From 1ae37b413132c4e0b6c046c7cfe4d62afe6940d8 Mon Sep 17 00:00:00 2001
From: Yash Katariya <yashkatariya@google.com>
Date: Fri, 4 Aug 2023 16:26:31 -0700
Subject: [PATCH] Canonicalize to default memory in init of Shardings only on
 the backends that support memories right now.

PiperOrigin-RevId: 553942534
---
 jax/BUILD                     |  1 +
 jax/_src/interpreters/pxla.py | 25 +++++--------
 jax/_src/maps.py              |  7 ++--
 jax/_src/pjit.py              |  7 ++--
 jax/_src/sharding_impls.py    | 67 ++++++++++++++---------------------
 5 files changed, 42 insertions(+), 65 deletions(-)
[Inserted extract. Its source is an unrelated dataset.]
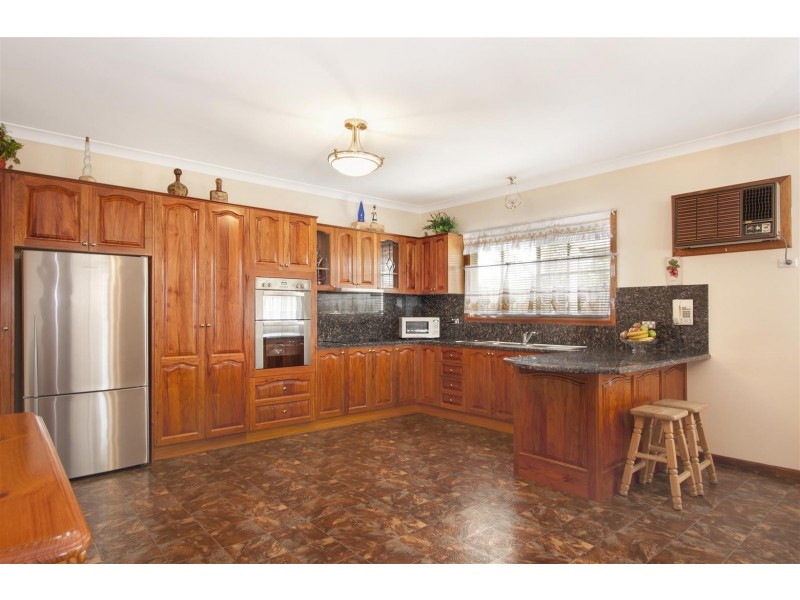 23 Derby St, Canley Heights NSW 2166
diff --git a/jax/BUILD b/jax/BUILD
index 57bf6266f..d281a247a 100644
--- a/jax/BUILD
+++ b/jax/BUILD
@@ -567,6 +567,7 @@ pytype_strict_library(
     srcs = ["_src/sharding_impls.py"],
     visibility = [":internal"] + jax_visibility("sharding_impls"),
     deps = [
+        ":config",
         ":mesh",
         ":op_shardings",
         ":partition_spec",
diff --git a/jax/_src/interpreters/pxla.py b/jax/_src/interpreters/pxla.py
index 53f3be505..3a0219c47 100644
--- a/jax/_src/interpreters/pxla.py
+++ b/jax/_src/interpreters/pxla.py
@@ -24,7 +24,6 @@ from functools import partial, lru_cache, cached_property
 import itertools as it
 import logging
 import math
-import os
 from typing import (Any, Callable, NamedTuple, Optional, Union, cast, TypeVar)
 
 import numpy as np
@@ -38,7 +37,6 @@ from jax._src import dispatch
 from jax._src import dtypes
 from jax._src import effects
 from jax._src import linear_util as lu
-from jax._src import config as jax_config
 from jax._src import mesh as mesh_lib
 from jax._src import op_shardings
 from jax._src import sharding_specs
@@ -71,13 +69,6 @@ from jax._src.util import (safe_map, safe_zip, partition_list,
                            wrap_name, tuple_delete, distributed_debug_log,
                            unzip2, HashableFunction, weakref_lru_cache)
 
-# TODO(yashkatariya): Remove this flag after the host runtime is linked by
-# default and works on cloud TPU.
-_FETCH_MEMORY_KIND_ON_EXECUTABLE = jax_config.DEFINE_bool(
-    'jax_fetch_memory_kind_on_executable',
-    bool(os.getenv('JAX_FETCH_MEMORY_KIND_ON_EXECUTABLE', '')),
-    help=("If True, will allow fetching memory kinds available on executable "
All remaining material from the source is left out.